Use Prototype's Ajax.Request object to fetch an energy price.

Parameters: 

energyType is oil, fuel, or propane.

elementID is the id of a span element on the web page;

the span will be updated with the new data.

*/

function getEnergyPrice(energyType, elementID){



  new Ajax.Request(go_url, {method: "get",

      parameters: "priceTyp="+energyType,

      onLoading:function(){ $(elementID).innerHTML=

                              "waiting...";},

      onComplete:function(request){

          if(request.status != 200) {

            $(elementID).innerHTML="Unavailable."

          }   else {

            $(elementID).innerHTML=

            request.responseText;}

      }});



}

Prototype's `Ajax` Object

The AJAX-related code using Prototype's Ajax.Request object is only about ten lines long. The code connects with a server, gets a new harvested energy price from the U.S. government, then displays the price without changing any other part of the web page. The code is, however, somewhat confusing to look at. Here's an explanation.

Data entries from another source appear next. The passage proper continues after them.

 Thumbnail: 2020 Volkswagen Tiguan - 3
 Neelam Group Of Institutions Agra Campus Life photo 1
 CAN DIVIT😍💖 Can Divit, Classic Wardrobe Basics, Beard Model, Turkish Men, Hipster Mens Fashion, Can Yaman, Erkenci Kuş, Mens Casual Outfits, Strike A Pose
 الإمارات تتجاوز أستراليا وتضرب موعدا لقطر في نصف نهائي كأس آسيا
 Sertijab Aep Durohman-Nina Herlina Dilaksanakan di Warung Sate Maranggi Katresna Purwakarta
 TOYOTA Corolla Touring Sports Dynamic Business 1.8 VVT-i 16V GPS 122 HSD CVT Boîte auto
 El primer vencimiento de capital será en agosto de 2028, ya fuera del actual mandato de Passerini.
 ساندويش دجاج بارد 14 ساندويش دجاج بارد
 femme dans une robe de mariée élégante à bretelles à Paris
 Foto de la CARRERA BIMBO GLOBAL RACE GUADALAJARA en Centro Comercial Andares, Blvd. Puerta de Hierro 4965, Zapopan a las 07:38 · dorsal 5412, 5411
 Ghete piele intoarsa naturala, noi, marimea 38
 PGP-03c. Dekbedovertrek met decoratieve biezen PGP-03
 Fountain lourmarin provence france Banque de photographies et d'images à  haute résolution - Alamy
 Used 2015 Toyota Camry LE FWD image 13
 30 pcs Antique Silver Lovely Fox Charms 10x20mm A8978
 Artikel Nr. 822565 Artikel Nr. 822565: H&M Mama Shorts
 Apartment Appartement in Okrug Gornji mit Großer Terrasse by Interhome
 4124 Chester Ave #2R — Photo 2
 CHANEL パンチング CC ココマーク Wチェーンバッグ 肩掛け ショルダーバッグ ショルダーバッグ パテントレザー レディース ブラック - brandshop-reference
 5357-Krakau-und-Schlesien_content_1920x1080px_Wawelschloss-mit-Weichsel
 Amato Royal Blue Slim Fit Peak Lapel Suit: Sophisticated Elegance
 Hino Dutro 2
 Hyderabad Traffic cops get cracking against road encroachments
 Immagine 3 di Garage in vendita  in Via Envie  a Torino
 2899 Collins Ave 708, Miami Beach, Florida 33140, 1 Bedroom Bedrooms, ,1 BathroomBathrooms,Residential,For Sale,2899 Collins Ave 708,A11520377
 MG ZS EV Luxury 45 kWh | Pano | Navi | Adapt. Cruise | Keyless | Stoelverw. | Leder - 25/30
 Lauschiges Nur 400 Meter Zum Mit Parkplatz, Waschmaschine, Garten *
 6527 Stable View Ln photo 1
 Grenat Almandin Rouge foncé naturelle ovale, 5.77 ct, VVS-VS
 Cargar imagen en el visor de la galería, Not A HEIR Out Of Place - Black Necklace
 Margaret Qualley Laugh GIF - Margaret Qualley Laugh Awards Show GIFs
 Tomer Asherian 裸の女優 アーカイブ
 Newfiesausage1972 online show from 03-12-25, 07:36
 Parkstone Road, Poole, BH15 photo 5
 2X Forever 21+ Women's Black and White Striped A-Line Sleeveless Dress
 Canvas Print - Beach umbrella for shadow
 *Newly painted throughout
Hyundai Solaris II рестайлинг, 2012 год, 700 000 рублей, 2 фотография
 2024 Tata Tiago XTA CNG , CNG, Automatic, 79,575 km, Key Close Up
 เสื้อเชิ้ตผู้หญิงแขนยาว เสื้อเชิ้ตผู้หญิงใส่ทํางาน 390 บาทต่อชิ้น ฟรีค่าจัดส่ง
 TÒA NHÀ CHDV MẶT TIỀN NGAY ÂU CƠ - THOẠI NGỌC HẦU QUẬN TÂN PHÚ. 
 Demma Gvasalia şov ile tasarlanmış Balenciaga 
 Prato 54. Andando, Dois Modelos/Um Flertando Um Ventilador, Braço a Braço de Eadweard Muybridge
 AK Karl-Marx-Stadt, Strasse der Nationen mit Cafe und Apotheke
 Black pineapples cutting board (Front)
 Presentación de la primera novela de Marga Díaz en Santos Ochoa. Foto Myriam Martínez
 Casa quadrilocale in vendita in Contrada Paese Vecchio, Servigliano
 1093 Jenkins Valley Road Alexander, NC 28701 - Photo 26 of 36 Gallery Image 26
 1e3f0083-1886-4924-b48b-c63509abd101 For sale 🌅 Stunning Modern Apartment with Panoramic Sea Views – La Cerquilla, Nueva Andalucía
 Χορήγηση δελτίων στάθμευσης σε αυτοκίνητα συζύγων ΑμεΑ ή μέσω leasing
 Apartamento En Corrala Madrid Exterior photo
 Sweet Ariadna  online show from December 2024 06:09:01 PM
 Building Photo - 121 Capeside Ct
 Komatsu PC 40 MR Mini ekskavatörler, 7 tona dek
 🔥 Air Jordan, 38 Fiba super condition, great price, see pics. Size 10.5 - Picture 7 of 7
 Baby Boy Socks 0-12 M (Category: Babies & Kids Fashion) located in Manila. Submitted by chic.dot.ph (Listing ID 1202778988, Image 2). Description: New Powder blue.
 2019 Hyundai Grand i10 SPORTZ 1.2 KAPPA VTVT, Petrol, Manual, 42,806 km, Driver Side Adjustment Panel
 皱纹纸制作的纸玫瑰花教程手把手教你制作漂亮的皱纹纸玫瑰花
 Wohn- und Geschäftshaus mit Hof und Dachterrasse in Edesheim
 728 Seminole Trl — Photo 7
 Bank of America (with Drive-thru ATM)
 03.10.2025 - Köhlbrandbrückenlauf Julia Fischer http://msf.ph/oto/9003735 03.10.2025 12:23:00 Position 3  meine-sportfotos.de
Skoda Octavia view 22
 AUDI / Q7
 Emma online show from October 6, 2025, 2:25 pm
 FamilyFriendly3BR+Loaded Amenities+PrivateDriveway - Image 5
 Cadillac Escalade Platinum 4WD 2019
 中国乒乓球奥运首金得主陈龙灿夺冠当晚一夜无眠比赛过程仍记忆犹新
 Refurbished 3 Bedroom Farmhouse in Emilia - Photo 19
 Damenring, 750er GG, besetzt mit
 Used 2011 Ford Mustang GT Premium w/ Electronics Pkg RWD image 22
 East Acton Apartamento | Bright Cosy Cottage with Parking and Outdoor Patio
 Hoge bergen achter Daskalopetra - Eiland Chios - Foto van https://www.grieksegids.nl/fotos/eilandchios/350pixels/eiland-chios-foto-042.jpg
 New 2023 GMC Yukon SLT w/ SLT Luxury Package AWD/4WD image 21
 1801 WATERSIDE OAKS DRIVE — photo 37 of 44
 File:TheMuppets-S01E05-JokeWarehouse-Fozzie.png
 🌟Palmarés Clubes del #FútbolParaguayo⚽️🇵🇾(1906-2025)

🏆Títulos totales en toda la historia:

You are probably used to seeing the XMLHttpRequest object being programmed directly. Prototype, however, instantiates this object for you, including dealing with the different browser types the users will show up with. Just creating the new AJAX object, as in new Ajax.Request, sets the HTTP request in motion. The prototype.js file includes the definition of this object. Since our web page imported that JavaScript file, we can create new instances of this object without jumping through any other hoops. Our code doesn't have to deal with the various browser differences involving XHR.

The first parameter to Ajax.Request is the URL of the server component it is connecting with. For example, http://www.eeviewpoint.com/energy.jsp. The second parameter specifies that this is a GET HTTP request type. The third parameter provides a querystring that will be passed to the server component. The entire URL, therefore, might look like http://www.eeviewpoint.com/energy.jsp?priceTyp=oil for example.

Progress Indicator

A couple of other parameters let the code developer decide what the application should do at different stages of the request processing. For example, onLoaded represents a stage of the request sequence when the XMLHttpRequest.send() method has been called, and some HTTP response headers are available, as well as the HTTP response status. At this stage, our application displays the text "waiting..." where the new price will soon appear. onComplete represents the finished stage of the energy-price request. The function that is associated with onComplete, therefore, determines what happens with the request's return value. The code automatically provides the function with a request parameter that represents the instance of XHR used for the HTTP request.

onComplete:function(request){...

Therefore, in this case, the code gets the return value with the syntax request.responseText. If everything goes well, this property will be the new price, such as 66.07.

The Ajax.Request object also allows the code to take action based on certain HTTP response status values. This is accomplished by checking the status property of XHR (request.status). If the status is not 200 (it could be 404 meaning "Not Found" for example), a value signifying that the request was successful, then the application displays "unavailable" in the space where the price should be.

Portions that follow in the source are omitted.